Day 15 and 23 are probably impossible to get under a millisecond. They both require tens of millions of iterations and at least one memory read and write per iteration.
Day 19 and 22 are the ones that I haven’t spent much time optimizing yet.
There are three game of life implementations: day 11, day 17 and day 24. They’re pretty close to be sub-millisecond, but I don’t know how to squeeze any more performance out of them. I’ll probably need to find a way to parallelize them, either by using bitsets or SIMD.

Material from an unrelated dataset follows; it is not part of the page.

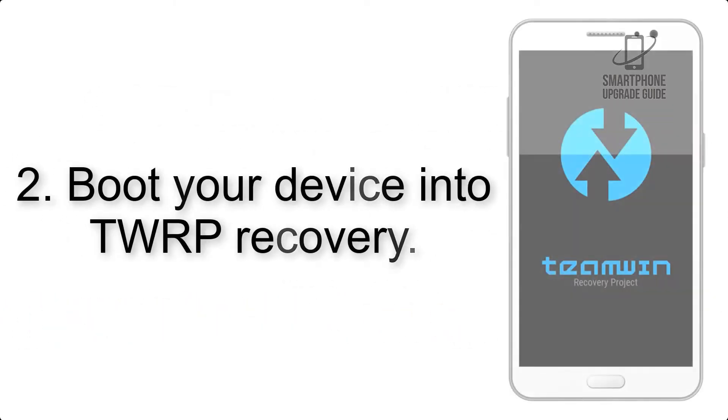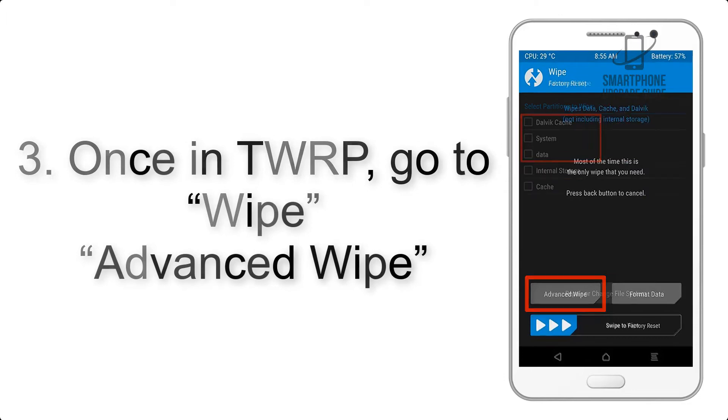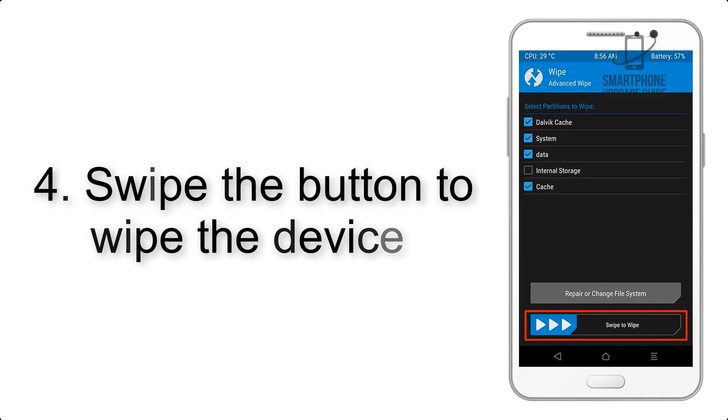Step 2: boot your device into TWRP recovery. Once in TWRP, click on Wipe, then Advanced Wipe, and select the checkboxes as shown in the image, excluding internal storage. Step 4: swipe the button to wipe the device.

My initial goal was to get every day below 1 millisecond, but since it’s
probably impossible, I’ll try to get bench_all
below 1 second. This should be
doable by optimizing days 19 and 22.
Conclusions
Around day 3 or 4, using rust started feeling natural. It was interesting to
see the differences in performance between using regexp
, scan_fmt
,
string splits, and hand-rolled parsers.
Algorithm-wise, days 10 and 13 were probably the hardest ones. Day 20 was the one that required more twiddling.